**WORK REQUIRED**: Please copy every record below exactly, but leave the pictures out.

**MATERIAL PROVIDED**:
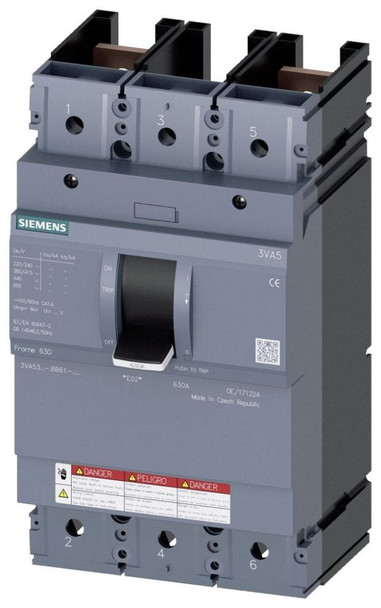 Siemens 3VA5340-1BB61-0AA0 Molded Case Breakers (MCCBs)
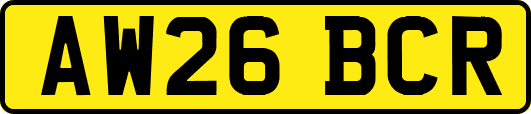 AW26BCR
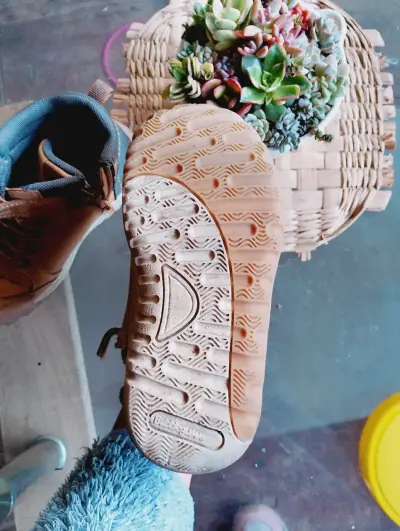 Botines de invierno para niños color marrón - miniatura 2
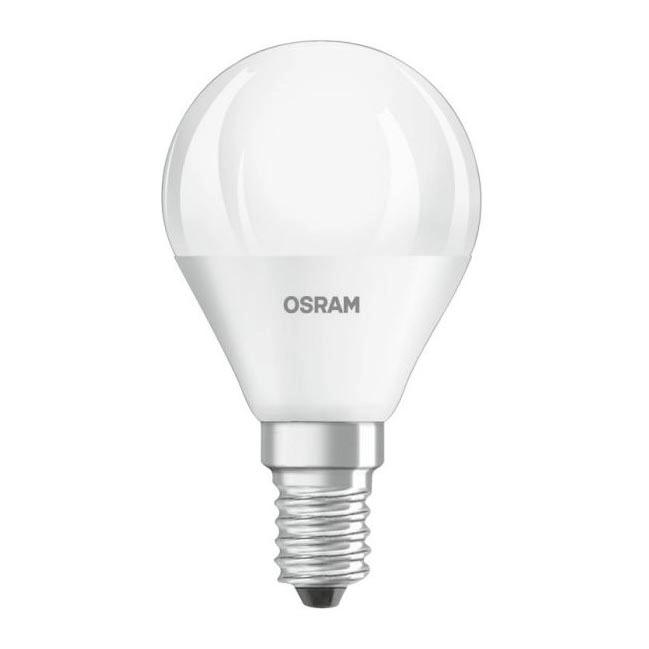 LED Glödlampa P40 E14/5W/230V 4000K – Osram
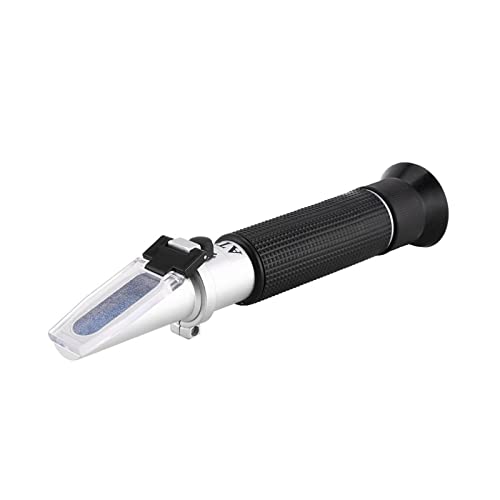 Handheld-Refraktometer 0-80% optischer Alkohol-Alkohol und Spirituosen Wiskey Vodka Content Meter Mini ATC Messungstester,Schnelle Ergebnisse Handheld-Refraktometer 0-80% optischer Alkohol-Alkohol und Spirituosen Wiskey Vodka Content Meter Mini ATC Messungstester,Schnelle Ergebnisse von KENBT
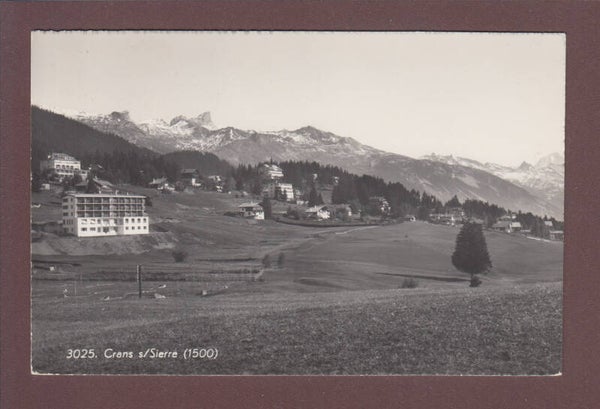 CRANS sur Sierre - 1957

**YOUR RESPONSE**:
 Siemens 3VA5340-1BB61-0AA0 Molded Case Breakers (MCCBs)
 AW26BCR
 Botines de invierno para niños color marrón - miniatura 2
 LED Glödlampa P40 E14/5W/230V 4000K – Osram
 Handheld-Refraktometer 0-80% optischer Alkohol-Alkohol und Spirituosen Wiskey Vodka Content Meter Mini ATC Messungstester,Schnelle Ergebnisse Handheld-Refraktometer 0-80% optischer Alkohol-Alkohol und Spirituosen Wiskey Vodka Content Meter Mini ATC Messungstester,Schnelle Ergebnisse von KENBT
 CRANS sur Sierre - 1957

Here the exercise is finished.